### Given information

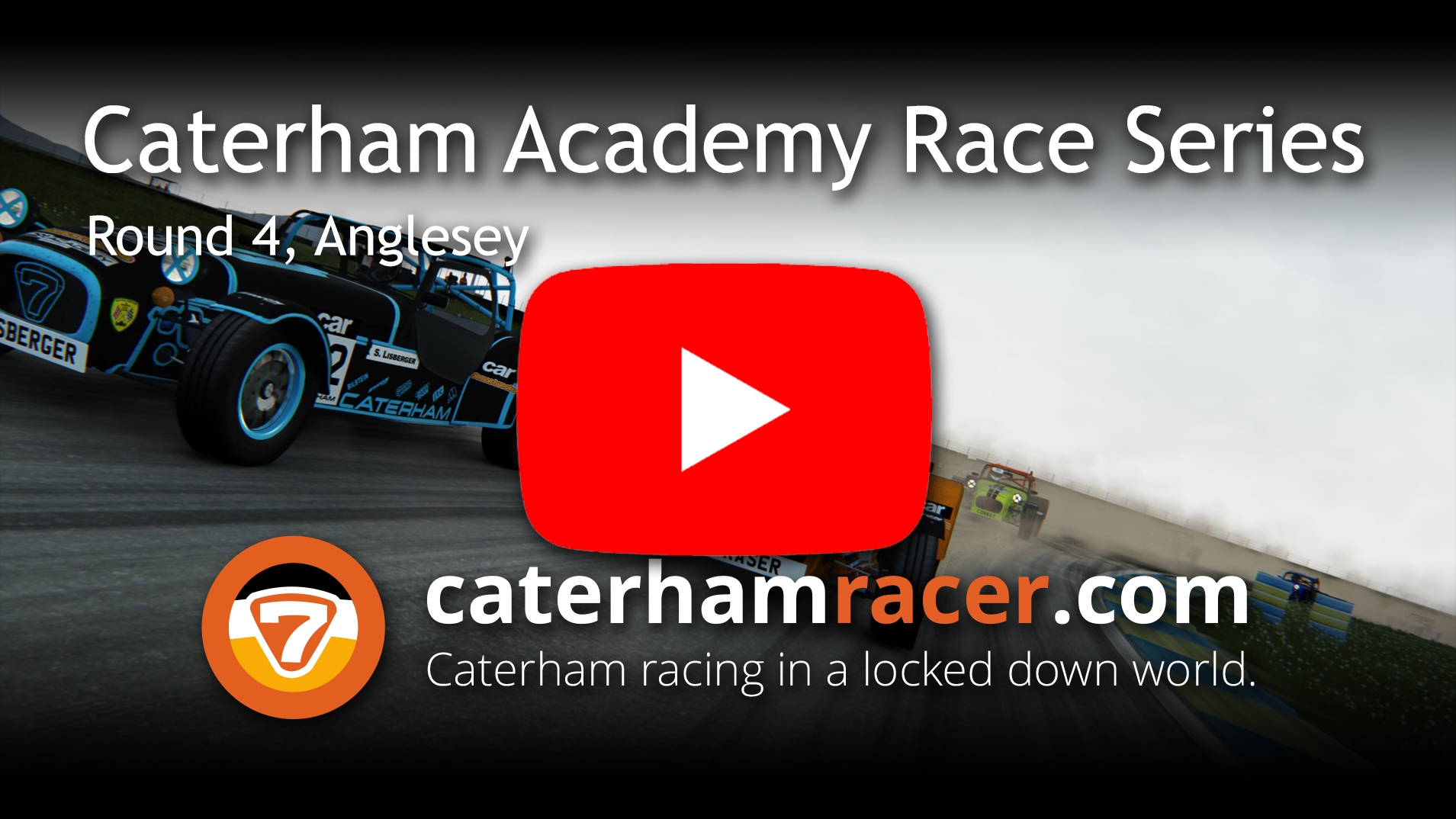 Caterham Academy Race Series, Round 4, Anglesey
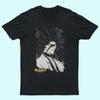 Bleach Kenpachi Kenpachi T-Shirt Anime Graphic Tee Unisex Black Cotton S-5XL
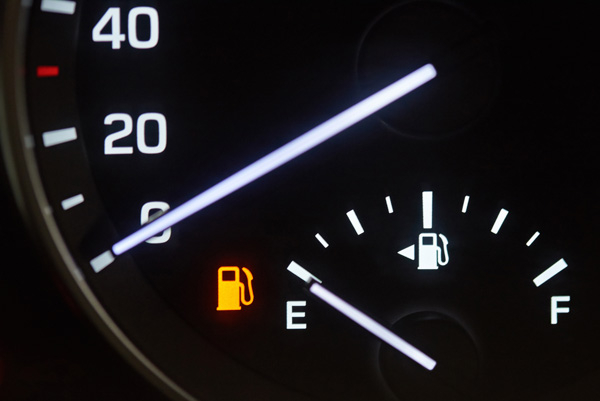 Tank leer? Auf geht´s zur Aral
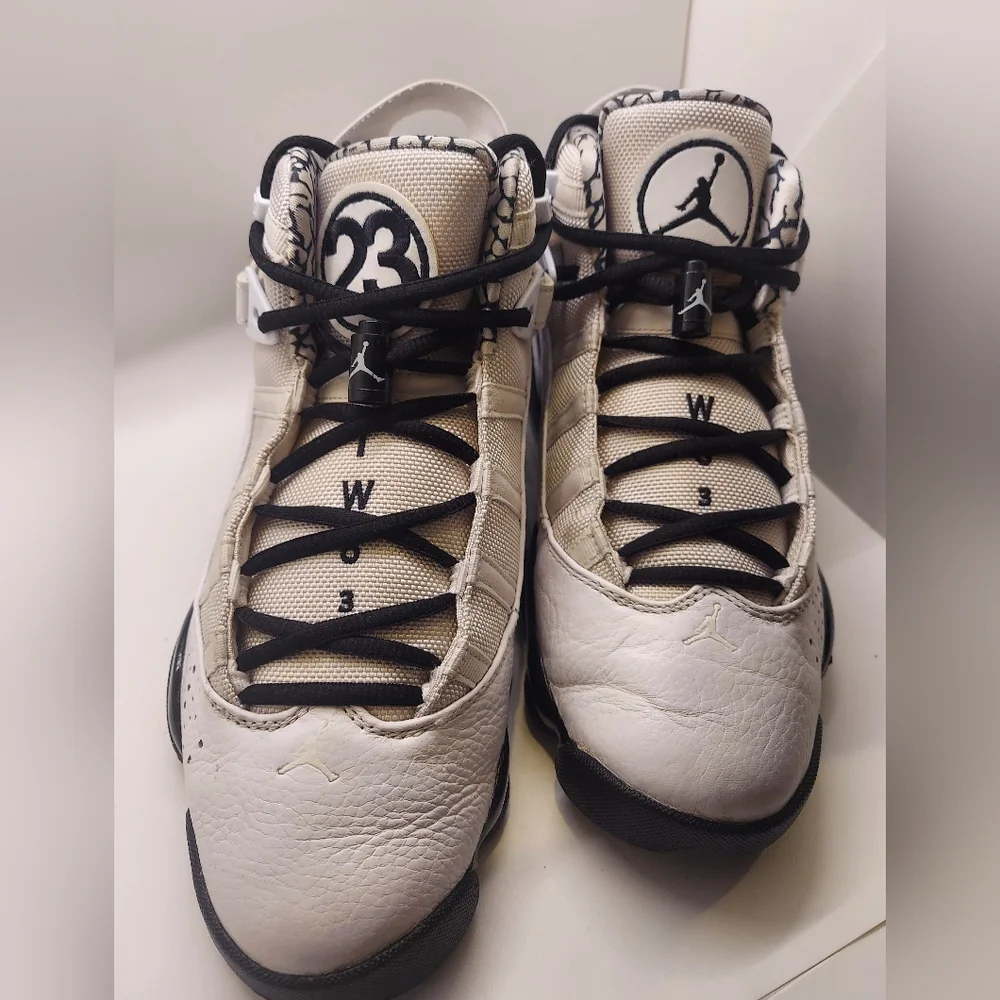 JORDAN 6 Rings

### Task brief
Could you return the listing above exactly, minus its pictures?

### Answer section
 Caterham Academy Race Series, Round 4, Anglesey
 Bleach Kenpachi Kenpachi T-Shirt Anime Graphic Tee Unisex Black Cotton S-5XL
 Tank leer? Auf geht´s zur Aral
 JORDAN 6 Rings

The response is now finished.